Satisfait de s’être vengé des Amalfitains et croyant leur ville détruite parce qu’il avait ruiné ses maisons et réduit en esclavage une partie de ses habitans, Sicard négligea de s’y établir ou d’y laisser garnison. Amalfi ne perdit donc que des richesses et des citoyens ; elle ne perdit pas son indépendance. Aussi, deux années après cette catastrophe, se releva-t-elle glorieusement de ses ruines. Ceux des Amalfitains qui s’étaient dérobés par la fuite à la vengeance de Sicard, revenus dans leur ville, ne tardèrent pas à entrer en relations avec leurs concitoyens captifs et à chercher les moyens de les délivrer. La mort de Sicard, tué l’année suivante dans la cathédrale de Bénévent par des citadins dont il avait outragé les femmes, en face de cette même relique qu’il avait dérobée aux Amalfitains, leur fournit une occasion qu’ils s’empressèrent de saisir. Les citoyens que le duc lombard avait séduits, revenus de leur erreur et rapprochés de leurs concitoyens par le malheur, se disaient l’un à l’autre : « Il est mort, celui qui nous a comblés de ses largesses ! un inconnu va venir, qui nous fera endurer la plus cruelle servitude, qui prendra nos filles et les donnera à ses valets[12]. » Ils se réunirent donc à leurs compatriotes, résolus, comme eux, à redevenir libres. L’élection d’un nouveau duc avait divisé les habitans de Bénévent et de Salerne ; la saison d’automne étant venue sur ces entrefaites, les Salernitains quittèrent la ville en grand nombre, pour faire leurs vendanges et jouir des plaisirs des champs dans leurs villa. Les Amalfitains captifs dépêchèrent aussitôt des messagers à leurs concitoyens, qui, le jour même, profitant d’un vent favorable, se présentèrent devant Salerne, montés sur toutes les galères qu’ils avaient pu réunir.
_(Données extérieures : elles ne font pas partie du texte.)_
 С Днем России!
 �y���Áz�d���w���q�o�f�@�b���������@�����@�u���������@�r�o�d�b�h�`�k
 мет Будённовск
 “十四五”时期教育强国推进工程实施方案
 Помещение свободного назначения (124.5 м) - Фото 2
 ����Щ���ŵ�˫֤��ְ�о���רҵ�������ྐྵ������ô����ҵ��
À peine les captifs eurent-ils aperçu leur flotte cinglant vers la ville, qu’ils s’armèrent, coururent aux palais et aux églises qu’ils pillèrent par représailles ; ayant ensuite chargé leurs vaisseaux des dépouilles de la riche Salerne (doviziosa Salerno), ils mirent le feu aux quatre coins de la ville et retournèrent en triomphe dans leur patrie, où ils arrivèrent ce même jour, 1er  septembre 840. Aussitôt arrivés dans la ville, ils la fortifièrent.
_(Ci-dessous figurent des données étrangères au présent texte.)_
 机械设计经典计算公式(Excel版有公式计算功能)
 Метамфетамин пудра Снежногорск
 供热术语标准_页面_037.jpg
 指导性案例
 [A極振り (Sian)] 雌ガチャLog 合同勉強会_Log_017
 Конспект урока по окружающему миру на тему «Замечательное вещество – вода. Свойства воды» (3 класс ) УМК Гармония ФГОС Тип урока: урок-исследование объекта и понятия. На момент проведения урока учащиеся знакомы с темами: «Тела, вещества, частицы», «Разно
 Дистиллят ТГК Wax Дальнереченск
Haine éternelle aux Amalfitains ! S’écriaient les habitans de Salerne en rentrant dans leur ville en cendres. Ils y trouvèrent quelques transfuges d’Amalfi qui, retenus par leurs femmes, avaient refusé de prendre part au pillage de la ville et de suivre leurs compatriotes. Ils voulaient les massacrer ; les femmes de ces malheureux s’opposèrent à cette injuste vengeance. Ils se contentèrent donc de les reléguer à Vietri, où ils restèrent jusque sous le règne de Guaifar. Chassés alors de ce bourg par l’imminente agression des Maures, on leur donna de nouveau asile à Salerne, dans un quartier qui prit, dès-lors, le nom de Veteres, et qui s’appelle aujourd’hui les Fornacelles (Fornacelle).
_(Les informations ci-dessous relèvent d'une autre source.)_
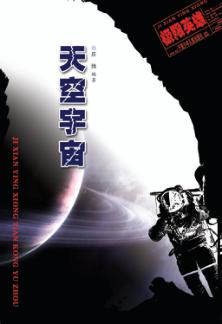 天空宇宙 封面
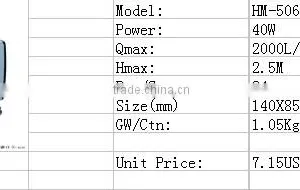 SUNSUN JENECA Special Water Pump for Aquarium Fish Tank Supplier's Choice thumbnail-2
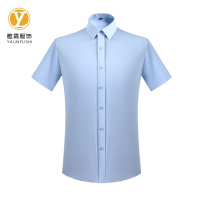 雅霖服 夏季短袖衬衫24YS-G01 件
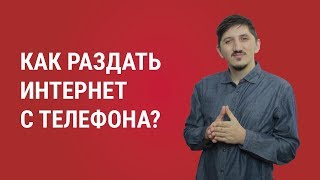 Как раздать интернет с телефона?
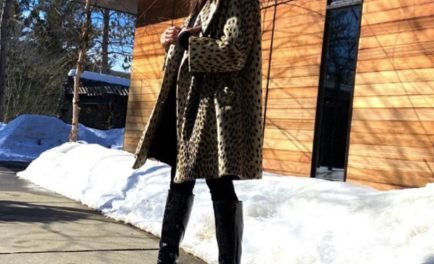 Paige DeSorbo’s Leopard Coat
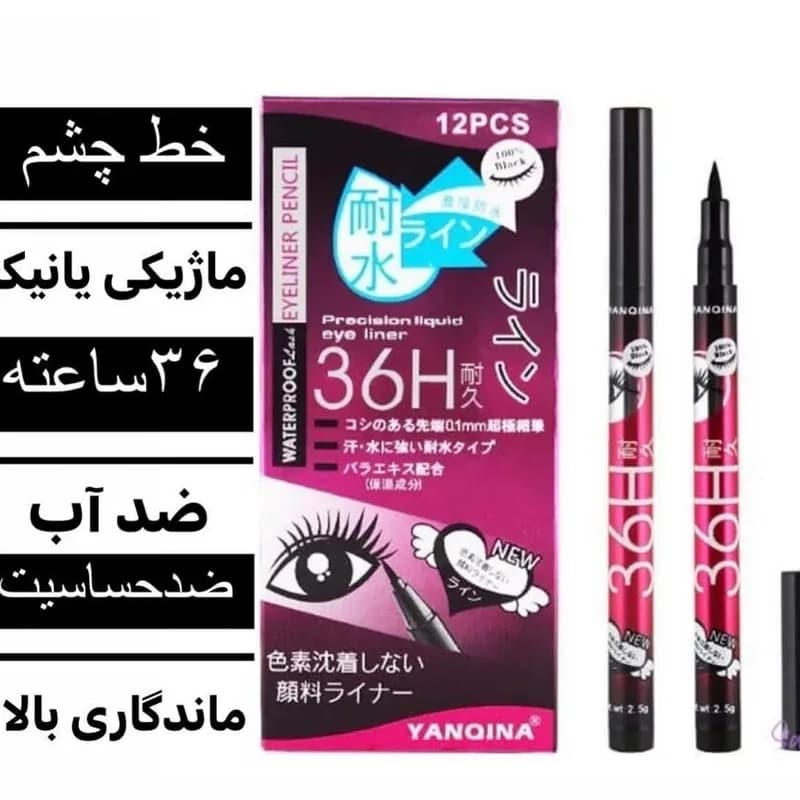 خط چشم ضد آب ماژیکی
Les Amalfitains avaient puisé dans leur malheur une nouvelle énergie. Nous verrons tout à l’heure que ces désastres, loin de causer leur ruine, leur donnèrent, au contraire, l’occasion d’accroître leur liberté. D’abord, rentrés dans leur ville, ils adoptèrent une meilleure politique, ils apprirent à être unis et à se servir, contre leurs adversaires, de leurs propres armes ; dans ce but, ils reportèrent chez eux la discorde.

Les Bénéventins, ayant tué Sicard, leur duc, avaient élu à sa place Radelchis, son trésorier. Ceux de Salerne, mécontens de cette élection, qui les mettait sous la dépendance de Bénévent, et dès-lors, songeant à faire de leur ville la capitale de l’état des Lombards, résolurent d’opposer Siconolfe, frère de Sicard, à Radelchis. Siconolfe avait été exilé à Tarente par son frère, qui l’avait fait tonsurer. Mais un obstacle arrêtait les Salernitains ; ils manquaient de vaisseaux. Ils recoururent donc à Amalfi, dont la flotte était restée intacte, et promirent à ses citoyens d’oublier leur dernière injure, s’ils voulaient, dans cette entreprise, les aider de leurs galères : « Nous vous pardonnerons l’incendie et le pillage de nos maisons et tous les malheurs que vous avez causés à notre ville, disaient les envoyés de Salerne, mais à une condition, c’est que vous conspiriez avec nous à rendre libre Siconolfe, le frère du prince que nous venons de perdre[13]. »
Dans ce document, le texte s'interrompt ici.